Put to its normal use, split is used in list context. It may also be used in scalar context, though its use in scalar context is deprecated. In scalar context, split returns the number of fields found, and splits into the @_ array. It's easy to see why that might not be desirable, and thus, why using split in scalar context is frowned upon.

The limit argument

Split can optionally take a third argument. If you specify a third argument to split, as in @list = split ( /\s+/, $string, 3 ); split returns no more than the number of fields you specify in the third argument. So if you combine that with our previous example.....

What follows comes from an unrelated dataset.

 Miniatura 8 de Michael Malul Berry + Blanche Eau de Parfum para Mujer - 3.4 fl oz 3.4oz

( $last, $first, $everything_else) = split ( /:/, $_, 3 );

Now, $everything_else contains Bart's phone number, his age, and his sex, delimited by ":", because we told split to stop early. If you specify a negative limit value, split understands that as being the same as an arbitrarily large limit.

Unspecified split pattern

As mentioned before, limit is an optional parameter. If you leave limit off, you may also, optionally, choose to not specify the split string. Leaving out the split string causes split to attempt to split the string contained in $_. And if you leave off the split string (and limit), you may also choose to not specify a delimiter pattern.

If you leave off the pattern, split assumes you want to split on /\s+/. Not specifying a pattern also causes split to skip leading whitespace. It then splits on any whitespace field (of one or more whitespaces), and skips past any trailing whitespace. One special case is when you specify the string literal, " " (a quoted space), which does the same thing as specifying no delimiter at all (no argument).

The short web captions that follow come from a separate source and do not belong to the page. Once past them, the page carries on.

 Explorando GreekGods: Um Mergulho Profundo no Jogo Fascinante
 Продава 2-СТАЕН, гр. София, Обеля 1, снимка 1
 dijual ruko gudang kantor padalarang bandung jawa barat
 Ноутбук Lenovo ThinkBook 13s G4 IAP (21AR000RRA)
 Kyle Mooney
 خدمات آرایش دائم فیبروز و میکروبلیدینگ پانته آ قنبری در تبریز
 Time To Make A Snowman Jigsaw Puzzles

The star quantifier (zero or more)

Finally, consider what happens if we specify a split delimiter of /\s*/. The quantifier "*" means zero or more of the item it is quantifying. So this split can split on nothing (character boundaries), any amount of whitespace. And remember, delimiters get thrown away. See this in action:

$string = "Hello world!"; @letters = split ( /\s*/, $string );

@letters now contains "H", "e", "l", "l", "o", "w", "o", "r", "l", "d", and "!".
Notice that the whitespace is gone. You just split $string, character by character (because null matches boundaries), and on whitespace (which gets discarded because it's a delimiter).

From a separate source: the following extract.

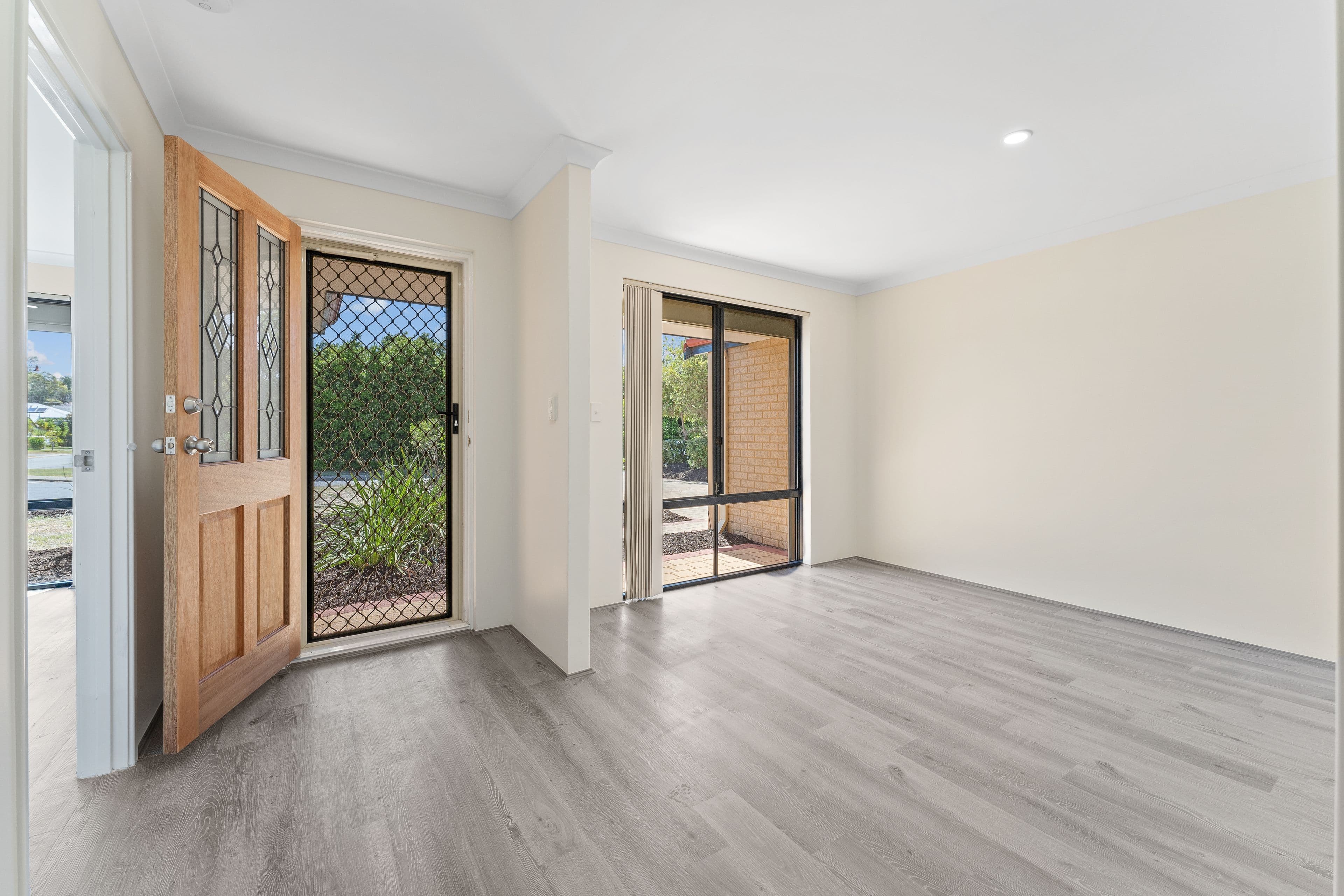 23 Hibiscus Way, Baldivis WA 6171, Baldivis - Thumbnail 5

Using split versus Regular Expressions

There are cases where it is equally easy to use a regexp in list context to split a string as it is to use the split function. Consider the following examples:

my @list = split /\s+/, $string; my @list = $string =~ /(\S+)/g;

In the first example you're defining what to throw away. In the second, you're defining what to keep. But you're getting the same results. That is a case where it's equally easy to use either syntax.

But what if you need to be more specific as to what you keep, and perhaps are a little less concerned with what comes between what you're keeping? That's a situation where a regexp is probably a better choice. See the following example:

my @bignumbers = $string =~ /(\d{4,})/g;
That type of a match would be difficult to accomplish with split. Try not to fall into the pitfall of using one where the other would be handier. In general, if you know what you want to keep, use a regexp. If you know what you want to get rid of, use split. That's an oversimplification, but start there and if you start tearing your hair out over the code, consider taking another approach. There is always more than one way to do it.

That's enough for split, let's take a look at join.

join: Putting it back together

If you're exhausted by the many ways to use split, you can rest assured that join isn't nearly so complicated. We can over-simplify by saying that join, does the inverse of split. If we said that, we would be mostly accurate. But there are no pattern matches going on. Join takes a string that specifies the delimiter to be concatenated between each item in the list supplied by subsequent parameter(s). Where split accommodates delimiters through a regular expression, allowing for different delimiters as long as they match the regexp, join makes no attempt to allow for differing delimiters. You specify the same delimiter for each item in the list being joined, or you specify no delimiter at all. Those are your choices. Easy.

To join a list of scalars together into one colon delimited string, do this:

$string = join ( ':', $last, $first, $phone, $age, $sex );

Whew, that was easy. You can also join lists contained in arrays:

$string = join ( ':', @array );

Use join to concatenate

It turns out that join is the most efficient way to concatenate many strings together at once; better than the '.' operator.

How do you do that? Like this:

$string = join ( '', @array );

As any good Perlish function should, join will accept an actual list, not just an array holding a list. So you can say this:

$string = join ( '*', "My", "Name", "Is", "Dave" );

Or even...

$string = join ( 'humility', ( qw/My name is Dave/ ) );

Which puts humility between each word in the list.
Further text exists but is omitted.